Researchers at the University of Melbourne and the Pacific Climate Change Centre have received nearly 4.9 AUD million in funding from Wellcome to strengthen Pacific populations’ resilience to the health impacts of a changing climate.
PAVE – Health: Pacific Action to enhance the Visibility of Evidence on Health and Climate Impacts aims to rapidly upskill policymakers, researchers, and health practitioners to draw attention to and reduce climate-related health impacts across four Pacific Island Countries: Federated States of Micronesia, Kiribati, Samoa and Solomon Islands, Kiribati.
Pacific island countries face imminent threats to human health from the impacts of climate change, however, lack capacity and resourcing to coordinate, document and implement necessary responses.
Currently, the Pacific region receives less than ten per cent of multilateral global adaptation finance, with health-specific projects globally receiving less than two per cent of multilateral adaptation finance.
This limited funding is exacerbated by a lack of localised data on climate risks to and impacts on health, limited or fragmented responses to these risks and impacts, and limited capacity to translate the information available for global policy bodies such as the Intergovernmental Panel on Climate Change.
The PAVE-Health Intervention will address resource and data shortages by:
- • Generating evidence on local climate-related health risks and impacts to address existing data and policy gaps
- • Making this evidence available for use by the health sector to access climate finance and advocate for policy action to address climate-related health impacts
- • Demonstrating the feasibility and effectiveness of a capacity-building program as an intervention to build sustainable capabilities in the Pacific.
“The Pacific region is uniquely and severely susceptible to the health impacts of climate change as a result of extreme and high-impact environmental events, including tropical cyclones, drought, sea-level rise, coastal inundation and floods.
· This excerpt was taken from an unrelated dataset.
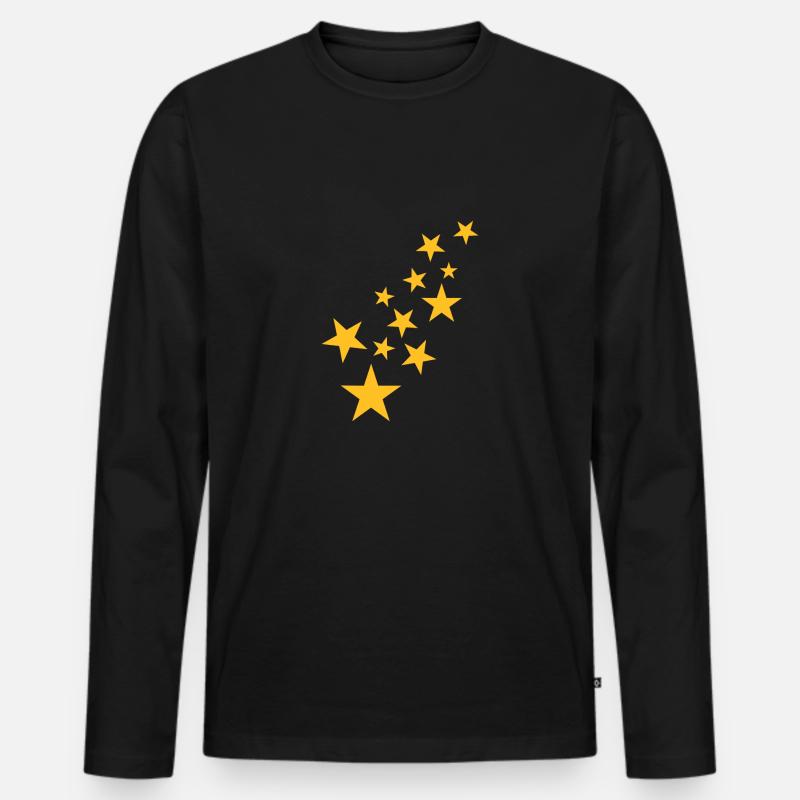 Modello asterisco simbolo stella - Maglia a manica lunga ecologica premium da uomo - nero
Yet it is under-resourced and underrepresented in the development of international health policies and practices,” says Ms Kathryn Bowen, Professor of Environment, Climate and Global Health in the Melbourne School of Population and Global Health and Deputy Director of Melbourne Climate Futures.
"It is absolutely vital that we work with Pacific communities to collect and translate data that can inform and enhance local adaptation to these vulnerabilities and, even further, contribute to global responses to climate–health impacts."
Wellcome has committed AUD 4,899,891 to the project, which is led by Professor Bowen at the University of Melbourne, and will be conducted in partnership with the Pacific Climate Change Centre led by Ms. Ófa Kaisamy, hosted at the Secretariat of the Pacific Regional Environment Programme (SPREP).
”Our Pacific is a climate change hotspot, which generates the single greatest threat to both the physical and mental health of our Pacific people. We acknowledge the approval of the PAVE–Health intervention, which aims to unlock critical resources – financial, human and technical – for us to address current and future climate-related health risks by making the health impacts of climate change visible. This visibility is critical to accessing climate finance for climate change and health interventions,” said Ms. Ófa Kaisamy, Manager of the Pacific Climate Change Centre.
The project will be conducted with the guidance and collaboration of local communities, policymakers, practitioners and researchers to ensure it is relevant and applicable to the Pacific populations it sets out to support.